Egypt to Receive the Second Tranche of 46-Month IMF loan Next March
According to Daily News, the International Monetary Fund (IMF) approved in December 2022, a 46-month arrangement under the Extended Fund Facility (EFF) for Egypt to receive a loan of $3bn, with the agreement expected to draw in an additional $14bn in financing for the country.
According to a report published by the IMF on Tuesday, Egypt will receive the second tranche of the loan next March.
Egypt will receive a $347 million tranche (equivalent to 261.13 million Special Drawing Rights units) on March 15, 2023, the same amount it received after signing the loan agreement last December.
The fund explained further that the first tranche was disbursed last December, following the approval of the Executive Council, at a value equivalent to $347m.
The remaining loan will be disbursed in equal installments of $347 million (equivalent to 261.13 million Special Drawing Rights units) every March and September until 2026.
According to the fund, the authorities’ economic program, which is supported by the proposed EFF arrangement, aims to address macroeconomic vulnerabilities sustainably while also promoting private-sector-led growth and job creation.
The IMF explained further that the 46-month program aims to support both short- and medium-term goals and will be based on three broad pillars:
First, exchange rate and monetary policies should prioritize restoring external resilience and maintaining price stability to absorb external shocks, including ongoing war-related spillovers, improve FX market functioning, rebuild reserve buffers, and anchor inflation developments.
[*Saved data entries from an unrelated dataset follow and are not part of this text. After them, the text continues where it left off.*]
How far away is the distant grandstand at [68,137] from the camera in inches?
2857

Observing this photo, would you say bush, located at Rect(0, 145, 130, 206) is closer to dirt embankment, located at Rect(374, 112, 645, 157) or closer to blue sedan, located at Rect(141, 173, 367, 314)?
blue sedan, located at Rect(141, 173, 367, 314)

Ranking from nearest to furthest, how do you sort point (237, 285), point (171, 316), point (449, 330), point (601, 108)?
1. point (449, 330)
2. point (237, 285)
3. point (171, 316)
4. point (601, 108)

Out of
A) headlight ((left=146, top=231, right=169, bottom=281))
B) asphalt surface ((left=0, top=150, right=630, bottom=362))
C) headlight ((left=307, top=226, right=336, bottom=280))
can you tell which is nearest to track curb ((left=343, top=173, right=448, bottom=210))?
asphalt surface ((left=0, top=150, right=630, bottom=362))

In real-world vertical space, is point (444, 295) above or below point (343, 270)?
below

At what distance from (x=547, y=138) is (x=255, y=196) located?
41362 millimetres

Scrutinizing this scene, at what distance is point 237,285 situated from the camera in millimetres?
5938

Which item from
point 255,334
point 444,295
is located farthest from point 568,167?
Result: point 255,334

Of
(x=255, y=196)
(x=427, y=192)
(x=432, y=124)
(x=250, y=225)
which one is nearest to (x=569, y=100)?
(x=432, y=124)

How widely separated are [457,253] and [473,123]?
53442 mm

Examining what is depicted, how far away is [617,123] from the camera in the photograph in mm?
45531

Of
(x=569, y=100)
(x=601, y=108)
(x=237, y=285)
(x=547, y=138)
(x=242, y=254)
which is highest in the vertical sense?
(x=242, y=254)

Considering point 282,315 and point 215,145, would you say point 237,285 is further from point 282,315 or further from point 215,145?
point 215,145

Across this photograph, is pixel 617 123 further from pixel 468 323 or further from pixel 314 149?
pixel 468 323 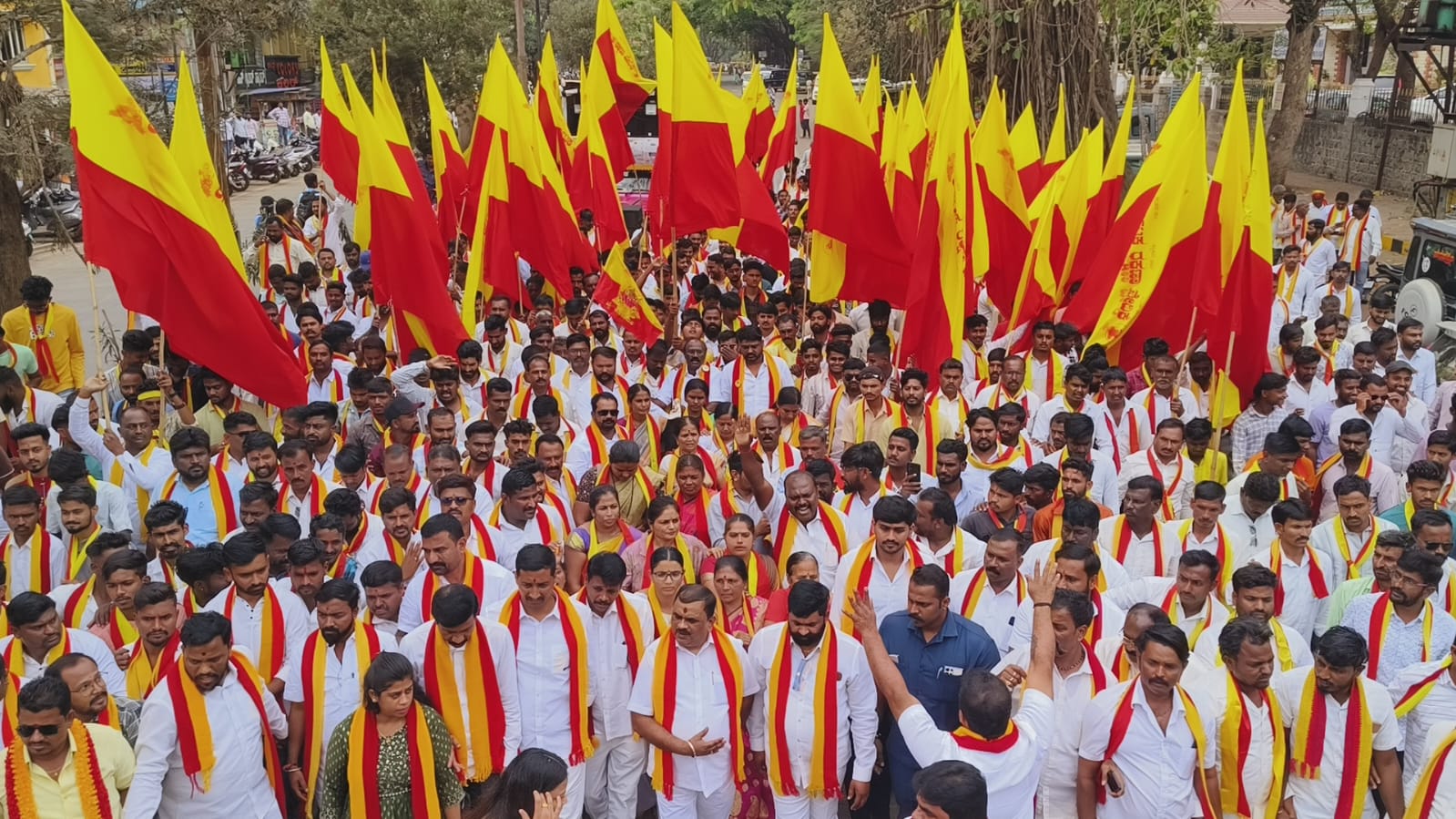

Second, fiscal discipline and fiscal structural policies will maintain market confidence and ensure the downward trajectory of the debt-to-GDP ratio while strengthening the budgetary process and improving the budget composition to make room for social spending.
Third, broad-based structural reforms will focus on the gradual exit of the public sector from non-strategic sectors, leveling the playing field between state-owned enterprises (SOEs) and private companies, removing trade barriers, and improving transparency and governance in the public sector.